Heikki Linnakangas wrote:
> Tom Lane wrote:
>> Simon Riggs <simon@2ndQuadrant.com> writes:
>>> On Sat, 2009-06-20 at 13:15 +0200, Stefan Kaltenbrunner wrote:
>>>> 8192 6m43.203s/6m48.293s
>>>> 16384 6m24.980s/6m24.116s
>>>> 32768 6m20.753s/6m22.083s
>>>> 65536 6m22.913s/6m22.449s
>>>> 1048576 6m23.765s/6m24.645s
>>
>>> The rest of the patch should have had a greater effect on tables with
>>> thinner rows. Your results match my expectations, though I read from
>>> them that we should use 16384, since that provides some gain, not just a
>>> cancellation of the regression.
>>
>> +1 for using 16384 (ie, max ring buffer size 16MB). Maybe even more.
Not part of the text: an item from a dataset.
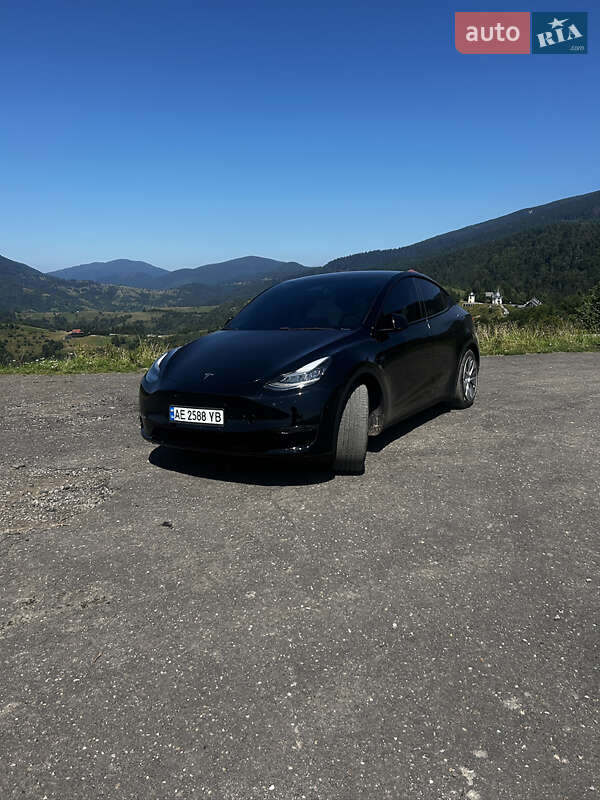 Внедорожник / Кроссовер Tesla Model Y 2020 в Каменском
>> It seems likely that other cases might have an even bigger issue than
>> is exhibited in the couple of test cases we have here, so we should
>> leave some margin for error. Also, there's code in there to limit the
>> ring buffer to 1/8th of shared buffers, so we don't have to worry about
>> trashing the whole buffer arena in small configurations. Any limitation
>> at all is still a step forward over previous releases as far as not
>> trashing the arena is concerned.
>
> +1. You might get away with a smaller ring with narrow tables, where
> writing 16MB of data produces more than 16MB of WAL, but I don't think
> it can ever be the other way round. Leaving a little bit of room for
> error doesn't seem like a bad idea, though.
yeah 16MB seems like the best choice given the available data and how
far we are into the release cycle.
>
> IIRC we experimented with an auto-tuning ring size when we worked on the
> original ring buffer patch. The idea is that you start with a small
> ring, and enlarge it in StrategyRejectBuffer. But that seems too risky
> for 8.4.
agreed.
>
> I wonder if using the small ring showed any benefit when the COPY is not
> WAL-logged? In that scenario block-on-WAL-flush behavior doesn't happen,
> so the small ring might have some L2 cache benefits.
I did some limited testing on that but I was unable to measure any
significant effect - especially since the difference between wal-logged
and not is rather small for a non-parallel COPY (ie in the above example
you get around 6m20s runtime for wal-logged and ~5m40s in the other case).
Stefan